To those who say that, here is this, from Johan Norberg in The Spectator:
‘We have fallen upon evil times, politics is corrupt and the social fabric is fraying.’ Who said that? Donald Trump or Bernie Sanders?…It’s difficult to keep track. They sound so alike, the populists of the left and the right. Everything is awful, so bring on the scapegoats and the knights on white horses.
Pessimism resonates. A YouGov poll found that just 5 per cent of Britons think that the world, all things considered, is getting better. You would think that the chronically cheerful Americans might be more optimistic — well, yes, 6 per cent of them think that the world is improving. More Americans believe in astrology and reincarnation than in progress.
Then, like Steven Pinker and others before him, Norberg goes on to list the mindboggling ways our world is getting so much safer — like the statistic I just read that, globally, life expectancy is up 19 years just since 1960 (including a 5-year increase since just 2000!).

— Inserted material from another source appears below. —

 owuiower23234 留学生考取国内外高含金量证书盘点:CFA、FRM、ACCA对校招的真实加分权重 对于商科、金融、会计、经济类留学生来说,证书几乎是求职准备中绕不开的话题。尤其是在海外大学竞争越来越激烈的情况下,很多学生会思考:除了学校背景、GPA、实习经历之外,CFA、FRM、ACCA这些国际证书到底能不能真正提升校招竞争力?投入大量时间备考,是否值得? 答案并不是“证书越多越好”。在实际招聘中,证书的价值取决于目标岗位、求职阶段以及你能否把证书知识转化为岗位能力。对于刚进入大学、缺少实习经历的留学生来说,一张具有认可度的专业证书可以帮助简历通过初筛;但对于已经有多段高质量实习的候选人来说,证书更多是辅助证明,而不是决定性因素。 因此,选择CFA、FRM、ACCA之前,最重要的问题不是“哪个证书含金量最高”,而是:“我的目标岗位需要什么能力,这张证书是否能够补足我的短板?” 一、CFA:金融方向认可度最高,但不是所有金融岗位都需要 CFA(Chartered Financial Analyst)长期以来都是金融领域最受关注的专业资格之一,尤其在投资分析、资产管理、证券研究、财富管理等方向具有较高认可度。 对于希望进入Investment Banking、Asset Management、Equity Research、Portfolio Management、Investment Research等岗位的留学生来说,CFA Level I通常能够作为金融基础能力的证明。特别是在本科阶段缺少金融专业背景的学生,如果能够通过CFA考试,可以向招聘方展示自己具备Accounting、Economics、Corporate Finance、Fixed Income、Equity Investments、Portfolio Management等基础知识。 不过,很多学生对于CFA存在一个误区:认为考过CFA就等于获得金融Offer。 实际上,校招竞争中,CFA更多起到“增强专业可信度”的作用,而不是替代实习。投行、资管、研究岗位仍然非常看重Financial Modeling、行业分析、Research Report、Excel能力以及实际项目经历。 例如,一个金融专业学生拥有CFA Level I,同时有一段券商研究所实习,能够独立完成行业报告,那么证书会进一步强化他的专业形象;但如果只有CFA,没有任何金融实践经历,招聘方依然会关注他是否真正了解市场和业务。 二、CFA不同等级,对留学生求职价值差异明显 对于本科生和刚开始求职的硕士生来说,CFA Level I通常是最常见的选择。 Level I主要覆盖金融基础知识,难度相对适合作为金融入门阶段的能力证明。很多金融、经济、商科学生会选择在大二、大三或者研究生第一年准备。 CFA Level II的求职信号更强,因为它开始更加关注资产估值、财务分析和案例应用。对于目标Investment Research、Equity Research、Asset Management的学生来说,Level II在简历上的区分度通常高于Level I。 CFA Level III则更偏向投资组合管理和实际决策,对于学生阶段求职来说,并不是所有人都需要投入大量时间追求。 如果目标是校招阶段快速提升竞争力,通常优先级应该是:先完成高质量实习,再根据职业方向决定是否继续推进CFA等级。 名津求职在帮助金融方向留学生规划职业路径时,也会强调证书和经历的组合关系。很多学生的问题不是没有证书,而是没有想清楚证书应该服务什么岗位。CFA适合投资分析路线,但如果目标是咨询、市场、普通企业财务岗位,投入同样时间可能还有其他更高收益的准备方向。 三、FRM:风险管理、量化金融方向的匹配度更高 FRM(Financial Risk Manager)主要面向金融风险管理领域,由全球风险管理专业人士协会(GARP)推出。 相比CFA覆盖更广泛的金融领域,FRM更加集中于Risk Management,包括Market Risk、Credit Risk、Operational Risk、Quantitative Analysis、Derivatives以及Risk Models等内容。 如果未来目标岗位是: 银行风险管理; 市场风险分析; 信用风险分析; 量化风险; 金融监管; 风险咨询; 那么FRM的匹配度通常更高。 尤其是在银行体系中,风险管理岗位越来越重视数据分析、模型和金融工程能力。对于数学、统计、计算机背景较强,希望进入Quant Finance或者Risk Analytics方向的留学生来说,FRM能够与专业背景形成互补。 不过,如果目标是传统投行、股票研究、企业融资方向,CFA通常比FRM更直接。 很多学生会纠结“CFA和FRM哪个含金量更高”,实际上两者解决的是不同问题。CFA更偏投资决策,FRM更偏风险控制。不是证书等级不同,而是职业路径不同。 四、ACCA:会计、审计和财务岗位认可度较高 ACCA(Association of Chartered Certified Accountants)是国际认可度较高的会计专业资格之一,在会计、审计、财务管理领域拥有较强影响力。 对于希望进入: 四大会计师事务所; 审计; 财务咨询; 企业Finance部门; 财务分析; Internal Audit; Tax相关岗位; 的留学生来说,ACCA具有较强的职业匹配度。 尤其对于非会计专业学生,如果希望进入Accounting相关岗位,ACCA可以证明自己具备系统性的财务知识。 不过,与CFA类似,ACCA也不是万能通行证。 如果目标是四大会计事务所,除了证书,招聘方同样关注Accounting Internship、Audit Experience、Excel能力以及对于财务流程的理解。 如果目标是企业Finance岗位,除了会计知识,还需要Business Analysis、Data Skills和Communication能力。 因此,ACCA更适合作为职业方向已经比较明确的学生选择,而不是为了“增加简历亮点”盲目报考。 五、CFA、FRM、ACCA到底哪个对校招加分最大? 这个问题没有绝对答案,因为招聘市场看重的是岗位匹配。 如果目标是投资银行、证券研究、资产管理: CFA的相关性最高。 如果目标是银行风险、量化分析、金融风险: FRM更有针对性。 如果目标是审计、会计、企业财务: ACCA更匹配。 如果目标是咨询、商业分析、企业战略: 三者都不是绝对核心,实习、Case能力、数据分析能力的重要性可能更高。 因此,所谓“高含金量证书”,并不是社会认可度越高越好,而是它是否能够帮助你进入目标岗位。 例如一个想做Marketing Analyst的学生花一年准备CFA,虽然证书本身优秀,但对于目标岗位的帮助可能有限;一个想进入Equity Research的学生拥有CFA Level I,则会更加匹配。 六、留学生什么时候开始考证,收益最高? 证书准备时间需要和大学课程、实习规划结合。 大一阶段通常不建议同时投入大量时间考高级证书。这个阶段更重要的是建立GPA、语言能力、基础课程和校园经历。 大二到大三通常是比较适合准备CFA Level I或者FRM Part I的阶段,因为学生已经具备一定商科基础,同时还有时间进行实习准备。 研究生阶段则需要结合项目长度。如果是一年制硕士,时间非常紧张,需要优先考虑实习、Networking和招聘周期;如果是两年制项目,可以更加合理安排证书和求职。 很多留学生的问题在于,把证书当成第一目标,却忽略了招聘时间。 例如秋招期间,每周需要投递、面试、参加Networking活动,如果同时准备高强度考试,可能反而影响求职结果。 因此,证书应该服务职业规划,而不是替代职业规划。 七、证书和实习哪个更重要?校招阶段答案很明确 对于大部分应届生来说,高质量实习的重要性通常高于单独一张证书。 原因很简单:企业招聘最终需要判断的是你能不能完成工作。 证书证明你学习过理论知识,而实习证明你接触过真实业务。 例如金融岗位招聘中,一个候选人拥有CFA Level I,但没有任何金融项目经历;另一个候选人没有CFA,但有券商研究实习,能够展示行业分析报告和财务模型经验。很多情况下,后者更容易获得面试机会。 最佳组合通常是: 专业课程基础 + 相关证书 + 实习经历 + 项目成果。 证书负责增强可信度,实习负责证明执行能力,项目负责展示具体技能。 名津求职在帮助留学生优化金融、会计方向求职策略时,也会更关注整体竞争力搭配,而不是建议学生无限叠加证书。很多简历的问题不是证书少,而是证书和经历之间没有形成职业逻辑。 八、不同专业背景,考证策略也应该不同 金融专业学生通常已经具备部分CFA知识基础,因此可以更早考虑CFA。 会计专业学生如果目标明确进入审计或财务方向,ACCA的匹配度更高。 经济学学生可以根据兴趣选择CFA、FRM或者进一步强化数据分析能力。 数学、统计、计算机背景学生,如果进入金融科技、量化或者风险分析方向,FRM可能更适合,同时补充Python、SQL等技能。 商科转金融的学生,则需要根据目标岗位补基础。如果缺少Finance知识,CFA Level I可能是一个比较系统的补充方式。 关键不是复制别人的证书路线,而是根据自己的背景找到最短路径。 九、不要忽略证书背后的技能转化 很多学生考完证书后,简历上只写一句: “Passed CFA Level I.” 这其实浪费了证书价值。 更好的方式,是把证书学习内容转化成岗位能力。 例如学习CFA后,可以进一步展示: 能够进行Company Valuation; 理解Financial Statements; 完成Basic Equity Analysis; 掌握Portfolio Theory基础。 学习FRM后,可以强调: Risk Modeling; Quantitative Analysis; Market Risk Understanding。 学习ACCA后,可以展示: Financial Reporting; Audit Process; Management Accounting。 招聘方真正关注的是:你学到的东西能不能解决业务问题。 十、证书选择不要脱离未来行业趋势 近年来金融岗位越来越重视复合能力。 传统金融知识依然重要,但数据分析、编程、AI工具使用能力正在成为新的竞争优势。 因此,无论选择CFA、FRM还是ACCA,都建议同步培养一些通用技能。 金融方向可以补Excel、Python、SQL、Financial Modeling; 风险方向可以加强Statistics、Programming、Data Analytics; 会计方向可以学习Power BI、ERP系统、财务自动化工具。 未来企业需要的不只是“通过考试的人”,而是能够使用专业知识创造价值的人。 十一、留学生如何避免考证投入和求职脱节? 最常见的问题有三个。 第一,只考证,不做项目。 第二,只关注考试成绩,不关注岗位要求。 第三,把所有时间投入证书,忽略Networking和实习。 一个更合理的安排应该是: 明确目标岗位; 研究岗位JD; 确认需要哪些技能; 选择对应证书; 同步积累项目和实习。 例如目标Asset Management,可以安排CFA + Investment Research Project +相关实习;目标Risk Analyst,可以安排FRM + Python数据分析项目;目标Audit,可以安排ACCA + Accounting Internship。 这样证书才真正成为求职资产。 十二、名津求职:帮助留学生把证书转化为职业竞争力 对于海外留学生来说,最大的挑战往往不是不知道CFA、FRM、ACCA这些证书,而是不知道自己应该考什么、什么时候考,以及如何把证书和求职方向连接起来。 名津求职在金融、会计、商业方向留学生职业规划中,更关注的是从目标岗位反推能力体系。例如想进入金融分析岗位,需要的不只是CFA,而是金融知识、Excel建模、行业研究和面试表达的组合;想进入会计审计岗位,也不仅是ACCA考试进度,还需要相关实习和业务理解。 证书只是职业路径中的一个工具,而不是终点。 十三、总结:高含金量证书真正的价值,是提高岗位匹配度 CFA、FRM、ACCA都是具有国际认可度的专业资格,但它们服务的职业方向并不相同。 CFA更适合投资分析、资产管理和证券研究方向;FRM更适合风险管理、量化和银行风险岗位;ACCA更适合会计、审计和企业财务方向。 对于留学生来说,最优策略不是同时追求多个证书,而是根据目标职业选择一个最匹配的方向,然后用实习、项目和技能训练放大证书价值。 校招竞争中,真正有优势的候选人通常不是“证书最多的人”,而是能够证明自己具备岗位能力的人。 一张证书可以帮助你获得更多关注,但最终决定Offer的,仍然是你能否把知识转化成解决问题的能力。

If you think that there has never been a better time to be alive — that humanity has never been safer, healthier, more prosperous or less unequal — then you’re in the minority. But that is what the evidence incontrovertibly shows. Poverty, malnutrition, illiteracy, child labour and infant mortality are falling faster than at any other time in human history. The risk of being caught up in a war, subjected to a dictatorship or of dying in a natural disaster is smaller than ever. The golden age is now.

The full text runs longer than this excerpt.